If an employer subject to the rule says that it attempted to submit its records electronically but was unable to do so, it must verify this with documentation, such as e-mail correspondence with the OSHA Help Desk, an OSHA National, Regional, or Area Office, or by using other OSHA contact means (such as e-correspondence). If such proof is provided, the CSHO shall collect the injury and illness records, and OSHA will not cite the employer for failing to submit.

If the employer was required to submit the data and did not attempt to do so, the Area Director shall issue a citation using the following guidance:

  • If the employer failed to submit, but immediately abates during the inspection by providing a paper copy of the records, an Other Than Serious citation will be issued with no penalty.
  • If the employer failed to submit its CY2016 data, but shows it has already submitted its CY2017 data, an Other Than Serious citation will be issued with no penalty.
  • If the employer does not produce the records, an Other Than Serious citation will be issued with the appropriate penalty.

Area Directors may also direct CSHOs to perform a full recordkeeping audit where there is evidence of potential systemic recordkeeping issues.

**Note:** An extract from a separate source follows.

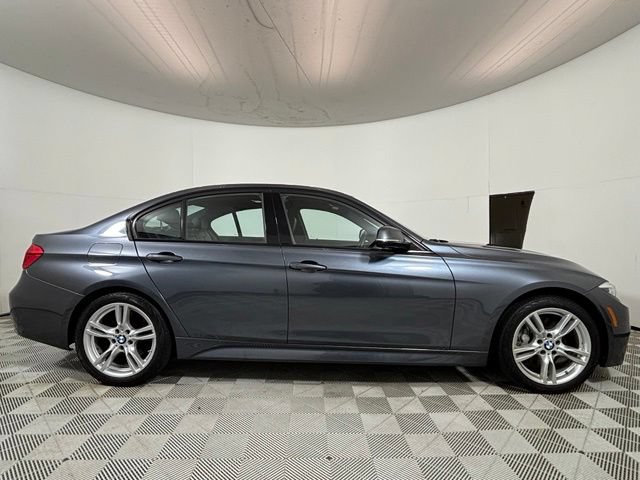Used 2017 BMW 340i xDrive Sedan AWD/4WD image 8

The CSHO will enter the Form 300A data into the OIS. The CSHO will enter optional code N-05- ITA Nonresponder to indicate that the facility did not provide its 2016 Form 300A data through the ITA. This will give the National Office the ability to extract the data from the OIS and append it to the ITA database.

Illness and injury records play a crucial role in OSHA’s ability to effectively target workplaces where employees are exposed to serious hazards. Therefore, the Agency will work to ensure full compliance with this regulation. In addition to this policy, OSHA is developing an analytic approach to identify non-responders to the CY 2016 data collection process.

The six month date to issue a citation for non-compliance with the requirements of 29 CFR 1904.41 will be June 15, 2018. A separate memo regarding guidance for State Plans will be forthcoming.

Please direct any questions regarding enforcement to the Directorate of Enforcement Programs, Office of General Industry and Agricultural Enforcement at 202-693-1850. Questions regarding record submittal procedures or submittal status of affected employers should be directed to the Directorate of Technical Support and Emergency Management, Office of Evaluations at 202-693-2400.


[1] Only a small fraction of establishments are required to electronically submit their Form 300A data to OSHA. Remember, these criteria apply at the establishment level, not to the firm as a whole:

  • Establishments with 250 or more employees that are subject to OSHA's recordkeeping regulation must electronically submit to OSHA the Summary of Work-Related Injuries and Illnesses (OSHA Form 300A).
  • Establishments with 20-249 employees in certain high-risk industries must electronically submit to OSHA some of the information from the Summary of Work-Related Injuries and Illnesses (OSHA Form 300A).
  • Establishments with fewer than 20 employees at all times during the year do not have to routinely submit information electronically to OSHA.